Laureando in Giurisprudenza, già Assessore
della precedente giunta della Comunità
Montana
capitanata da Franco Vittoria, consigliere
di maggioranza al Comune di Baiano,
Enrico
Montanaro è stato eletto con una buona
maggioranza:
14 voti favorevoli, 1 astenuto, 1 contrario,
i restanti 8 rappresentanti si sono
alzati
dal tavolo dei lavori e hanno abbandonato
l'aula. L'elezione è stata appoggiata
da
uno schieramento di centro sinistra,
in particolare
da sindaci del Pd e dal sindaco di
Santa
Paolina di Sinistra Democratica. Questa
la
nuova giunta: il Presidente della C.M.
sarà
affiancato da 4 assessori: Amato Rizzo,
sindaco
di Pietrastornina, Angelina Spinelli,
sindaco
di Santa Paolina, Domenico Montanaro,
sindaco
di Visciano, Sebastiano Cennerazzo,
sindaco
di Torrioni. I delegati che hanno dato
il
proprio voto favorevole sono quelli
di Avella,
Baiano, Cervinara, Montefusco, Mugnano
del
Cardinale, Pannarano, Pietrastornina,
Quadrelle,
San Martino Valle Caudina, Sirignano,
Taurano,
Torrioni, Santa Paolina, Visciano.
Astenuto
il sindaco di Rotondi; voto contrario
di
Quindici. I comuni che hanno invece
abbandonato
la votazione sono: Mercogliano, Monteforte,
Moschiano, Ospedaletto d'Alpinolo,
Rocca,
Sant'Angelo a Scala, Summonte, Lauro.
"Quella che oggi si è delineata è la
nuova fisionomia della Comunità Montana,
risultato della fusione di tre enti, precedentemente
distinti, che erano la Comunità Montana del
Vallo di Lauro e del Baianese, del Partenio
e del Montedonico Trabucco che adesso avranno
un organico comune", dichiara il neoeletto
presidente, "Con oggi si è aperta la
nuova fase costituente di questo nuovo ente
che sorge sulle ceneri delle 3 Comunità Montane.

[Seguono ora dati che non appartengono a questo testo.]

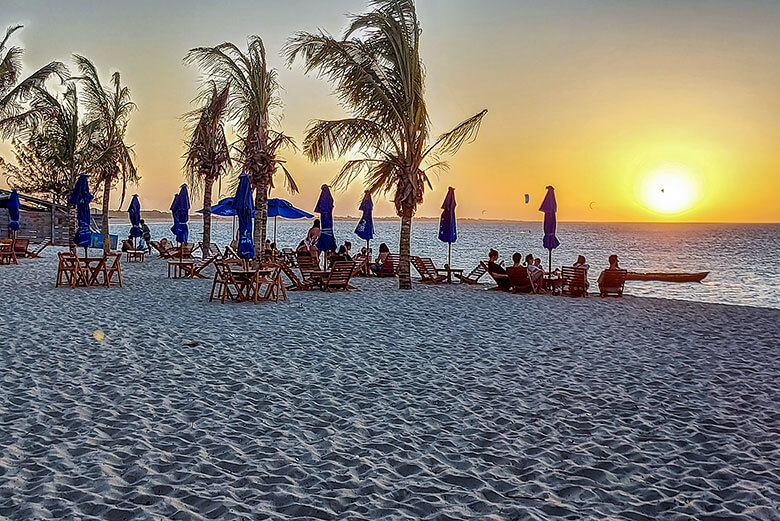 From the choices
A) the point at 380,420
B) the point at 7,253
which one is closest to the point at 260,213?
the point at 7,253

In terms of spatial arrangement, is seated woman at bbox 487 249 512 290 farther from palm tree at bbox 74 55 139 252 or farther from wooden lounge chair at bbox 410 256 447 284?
palm tree at bbox 74 55 139 252

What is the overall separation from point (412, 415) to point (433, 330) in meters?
4.10

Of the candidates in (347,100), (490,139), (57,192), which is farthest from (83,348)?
(57,192)

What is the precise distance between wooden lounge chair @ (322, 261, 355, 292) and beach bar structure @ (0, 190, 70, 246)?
23097mm

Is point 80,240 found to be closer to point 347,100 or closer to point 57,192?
point 347,100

Le nostre priorità saranno anzitutto approvare
lo statuto, il rifacimento della nuova pianta
organica, per far si che tutti i dipendenti
delle ex tre Comunità Montane mantengano
il loro posto, e la redazione del bilancio.
Saremo aperti al dialogo con tutti, sia con
i comuni che hanno votato contro la mia elezione
sia con quelli che hanno abbandonato l'aula
dei lavori. I miei ringraziamenti vanno ovviamente
alla segreterie provinciali del Pd e di Sinistra
Democratica".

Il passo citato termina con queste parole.